Grande parte dos casos foram registrados como denúncias (no âmbito da universidade e na Justiça). Contudo, é necessário um grande esforço por parte de todas as instâncias universitárias para, em primeiro lugar, acolher as vítimas e encaminhá-las aos órgãos competentes com todo o cuidado e respeito.
Não basta localizar o agressor e encaminhá-lo para a delegacia, por exemplo. É preciso garantir às estudantes que elas possam viver em segurança e tranquilidade nas salas de aula, nas bibliotecas, na residência estudantil, nos restaurantes universitários, nas ruas dos campi.
Muitas vezes, as vítimas, por medo, por falta de apoio institucional e pela presença constante dos agressores nos espaços da universidade (porque infelizmente os caminhos da justiça são injustos), abandonam seus cursos e sofrem processos depressivos que necessitam de atenção médica e psicossocial.
A culpa nunca é das mulheres e sim dos estupradores. Estes seres são legitimados por diferentes instâncias – da educação à segurança pública – que negam um processo histórico de desigualdade de gênero que atribui às mulheres a posição de objeto passivo, de não poder ter direito ao seu próprio corpo (que é um direito humano fundamental).

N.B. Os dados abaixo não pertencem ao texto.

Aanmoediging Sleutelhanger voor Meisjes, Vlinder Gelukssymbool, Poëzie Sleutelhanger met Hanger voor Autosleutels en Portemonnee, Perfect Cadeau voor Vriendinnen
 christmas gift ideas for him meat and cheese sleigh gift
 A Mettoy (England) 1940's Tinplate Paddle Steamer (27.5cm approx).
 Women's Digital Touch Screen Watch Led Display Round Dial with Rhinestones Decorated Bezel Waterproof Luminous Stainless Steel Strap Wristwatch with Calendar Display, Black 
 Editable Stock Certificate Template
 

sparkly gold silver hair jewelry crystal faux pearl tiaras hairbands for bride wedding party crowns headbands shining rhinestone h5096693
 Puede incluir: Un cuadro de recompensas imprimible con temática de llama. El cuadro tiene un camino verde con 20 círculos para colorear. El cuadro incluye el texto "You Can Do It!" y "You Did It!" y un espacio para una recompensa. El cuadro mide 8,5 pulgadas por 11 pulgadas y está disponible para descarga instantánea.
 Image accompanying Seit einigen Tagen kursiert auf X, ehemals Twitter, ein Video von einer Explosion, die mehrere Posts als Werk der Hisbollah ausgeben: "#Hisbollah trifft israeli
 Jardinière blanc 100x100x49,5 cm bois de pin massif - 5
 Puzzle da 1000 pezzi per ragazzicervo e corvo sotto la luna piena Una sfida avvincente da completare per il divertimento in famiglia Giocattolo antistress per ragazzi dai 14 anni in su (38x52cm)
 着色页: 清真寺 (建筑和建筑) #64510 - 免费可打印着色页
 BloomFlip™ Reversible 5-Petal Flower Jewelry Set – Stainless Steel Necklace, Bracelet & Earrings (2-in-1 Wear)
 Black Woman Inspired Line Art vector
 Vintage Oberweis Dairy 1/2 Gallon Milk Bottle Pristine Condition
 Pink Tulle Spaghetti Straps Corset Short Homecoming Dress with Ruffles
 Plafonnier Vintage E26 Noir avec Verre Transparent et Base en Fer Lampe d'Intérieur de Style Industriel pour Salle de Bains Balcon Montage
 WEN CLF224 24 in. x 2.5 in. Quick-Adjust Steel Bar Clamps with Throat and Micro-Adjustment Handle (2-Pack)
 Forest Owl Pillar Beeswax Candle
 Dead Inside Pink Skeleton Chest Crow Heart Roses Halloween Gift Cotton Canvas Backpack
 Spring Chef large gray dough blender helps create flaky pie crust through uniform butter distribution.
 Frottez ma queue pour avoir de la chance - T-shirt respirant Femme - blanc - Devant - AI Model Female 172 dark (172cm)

O corpo é o primeiro instrumento de cidadania de qualquer pessoa, é um direito inviolável, e, com seu próprio corpo e suas próprias regras, mulheres de todo mundo resistem.
À medida que os movimentos feministas se fortalecem, enfraquecem-se, pouco a pouco, os poderes da masculinidade hegemônica. Colocar em dúvida a primazia do “macho alfa” e, por exemplo, dizer simplesmente “NÃO” a suas propostas indecorosas, representa uma afronta à sua honra ferida, sentimento que pode desencadear reações muito agressivas, amparadas por coletividades masculinas.
Estes últimos episódios que tiveram destaque na mídia mostram estupros coletivos que desumanizaram as vítimas, tornando-as apenas um corpo maldito, violado, mutilado que não pertence mais à mulher.
Felizmente, muitas mulheres abandonaram há muito tempo o Paraíso e embrenharam-se na vida real que não se resume a serpentes, deuses, maçãs e maridos. Mesmo que, no contexto político atual, tenha ocorrido uma reação contrária às conquistas das mulheres desde os anos 1960, cresce o número de mulheres chefes de família, aumenta o número de mulheres em postos de direção e em candidaturas a eleições para cargos políticos.
As novas gerações, com suas ousadias revolucionárias, não se sujeitam a ter suas vozes caladas nem a ter seus corpos alvo de ações machistas. Por isso, a cada vez que uma mulher é violentada, todas o são. O retrocesso violento produz uma resistência em rede que não se cala. A luta feminista é por todas nós, com nossos corpos e nossas regras.